Qu’est ce qui a changé depuis que vous avez commencé ?

Ce que nous faisons depuis ces dix dernières années est devenu beaucoup plus complexe. Je travaille avec plus de gens, des compositeurs, des artistes etc. J’ai récemment monté un show qui s’appelle Public Canvas et qui est présenté dans plusieurs villes. L’idée est d’utiliser Bandaloop et nos plateformes qui drainent de grosses audiences pour attirer l’attention sur certaines voies importantes des communautés où nous allons. Par exemple à San Francisco nous avons beaucoup parlé de la gentrification, des problèmes raciaux et de l’équité. Et il y a des artistes qui viennent. On a eu récemment un artiste qui utilise le parler, j’ai travaillé avec lui pour qu’il puisse marcher en descendant un mur tout en récitant ses poèmes.

Peut-on dire que Bandaloop est un genre de hub où l’on retrouve de nombreux artistes…?

Bandaloop permet en effet de rassembler de nombreux artistes, différentes voies aussi. Nous utilisons Bandaloop comme un mégaphone pour porter des paroles importantes. Bandaloop, c’est aussi un combat de justice sociale. On utilise l’art pour supporter le changement. 

Comment vous regarde-t-on en live ? Ça doit faire mal au cou…

On encourage les gens à venir avec des matelas de plage ou quelque chose du genre, une chaise ou quelque chose pour pouvoir s’allonger au sol. Aujourd’hui tout le monde marche la tête baissée sur son téléphone, j’aime bien dire que les shows de Bandaloop sont thérapeutiques. Ils vous font lever la tête.

Quelle a été votre show le plus mémorable ?

C’était il y a peut-être 15 ans, on avait prévu un show à Johannesburg en Afrique du Sud dans le cadre d’une conférence sur le changement climatique. Parce que Bandaloop a été créé avec l’idée de célébrer le pouvoir et la vulnérabilité de la nature, et on nous avait viré de l’endroit. On avait décroché nos cordes, on s’était fait virer. Nous étions donc allés à Soweto, à 15 km de là, pour aller danser sur un château d’eau. On étaient entourés d’enfants pendant une semaine, qui étaient tous très curieux. On a fait notre show en projetant des images de chaos climatique, et du futur du climat, en montrant les possibilités de l’énergie solaire et non carbonée, c’était l’objectif du show. L’eau est un gros problème en Afrique, et le château d’eau n’en avait jamais contenu… Ce show avait tellement de sens.

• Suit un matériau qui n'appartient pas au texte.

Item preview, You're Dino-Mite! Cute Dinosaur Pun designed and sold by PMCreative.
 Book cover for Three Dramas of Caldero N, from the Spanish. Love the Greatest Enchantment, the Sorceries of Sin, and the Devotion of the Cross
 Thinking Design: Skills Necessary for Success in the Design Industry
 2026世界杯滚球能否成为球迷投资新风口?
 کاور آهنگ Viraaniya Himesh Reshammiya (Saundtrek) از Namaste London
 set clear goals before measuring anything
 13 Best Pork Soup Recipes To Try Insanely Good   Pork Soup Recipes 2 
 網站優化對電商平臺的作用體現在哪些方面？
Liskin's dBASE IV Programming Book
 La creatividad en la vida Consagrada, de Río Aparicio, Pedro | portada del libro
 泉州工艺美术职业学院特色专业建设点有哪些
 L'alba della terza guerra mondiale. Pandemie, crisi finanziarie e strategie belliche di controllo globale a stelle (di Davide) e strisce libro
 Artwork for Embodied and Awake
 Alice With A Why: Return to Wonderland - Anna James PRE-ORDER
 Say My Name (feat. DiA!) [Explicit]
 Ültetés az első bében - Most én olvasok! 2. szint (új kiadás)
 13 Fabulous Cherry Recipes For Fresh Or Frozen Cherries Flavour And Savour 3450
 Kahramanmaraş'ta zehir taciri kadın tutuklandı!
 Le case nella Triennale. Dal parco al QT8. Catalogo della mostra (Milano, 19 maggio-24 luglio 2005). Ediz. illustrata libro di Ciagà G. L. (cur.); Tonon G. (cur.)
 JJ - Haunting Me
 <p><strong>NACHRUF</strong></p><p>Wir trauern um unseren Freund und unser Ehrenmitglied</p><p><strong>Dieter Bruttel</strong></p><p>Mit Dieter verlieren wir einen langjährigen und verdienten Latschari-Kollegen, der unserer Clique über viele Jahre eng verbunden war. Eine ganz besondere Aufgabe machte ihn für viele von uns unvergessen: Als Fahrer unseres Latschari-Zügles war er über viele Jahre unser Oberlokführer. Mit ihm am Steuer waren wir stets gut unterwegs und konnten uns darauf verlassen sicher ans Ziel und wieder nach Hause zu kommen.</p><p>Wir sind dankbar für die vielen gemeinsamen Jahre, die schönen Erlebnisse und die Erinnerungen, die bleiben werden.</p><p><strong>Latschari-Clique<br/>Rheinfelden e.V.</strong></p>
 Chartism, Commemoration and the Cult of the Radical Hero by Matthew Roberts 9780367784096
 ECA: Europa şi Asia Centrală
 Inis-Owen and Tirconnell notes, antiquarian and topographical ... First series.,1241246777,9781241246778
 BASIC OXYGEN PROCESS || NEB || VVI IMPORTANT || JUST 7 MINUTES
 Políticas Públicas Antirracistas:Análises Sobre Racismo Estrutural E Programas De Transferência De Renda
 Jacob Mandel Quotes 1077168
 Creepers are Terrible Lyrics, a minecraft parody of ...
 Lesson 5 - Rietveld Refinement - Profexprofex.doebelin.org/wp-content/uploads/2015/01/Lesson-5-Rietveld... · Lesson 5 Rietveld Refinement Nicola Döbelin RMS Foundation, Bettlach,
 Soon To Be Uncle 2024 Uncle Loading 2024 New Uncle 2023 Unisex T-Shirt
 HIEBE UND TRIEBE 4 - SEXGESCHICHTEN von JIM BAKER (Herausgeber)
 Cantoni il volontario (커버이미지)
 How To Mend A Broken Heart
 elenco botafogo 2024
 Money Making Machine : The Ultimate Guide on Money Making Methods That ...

Après en tant que performeur ce que je préfère c’est danser sur El Capitan, dans le parc de Yosemite. Et plus généralement dans les montagnes. Performer très haut sur des falaises est la chose que je préfère au monde. Être littéralement à plusieurs centaines de mètres, c’est un sentiment incroyable de liberté. On a l’impression d’être haut dans le ciel avec les aigles.

Prévoyez-vous de venir faire un show en France ?

On n’a jamais rien fait en France, c’est dingue. Je ne sais pas pourquoi. On a juste fait une performance en haut de la tour Eiffel… de Las Vegas (rires). J’aimerais beaucoup venir en France, il y a de très belles falaises près de Lyon, et j’espère vraiment pouvoir venir faire quelque chose à Paris. Je passe un appel ici, si quelqu’un est intéressé, nous le sommes.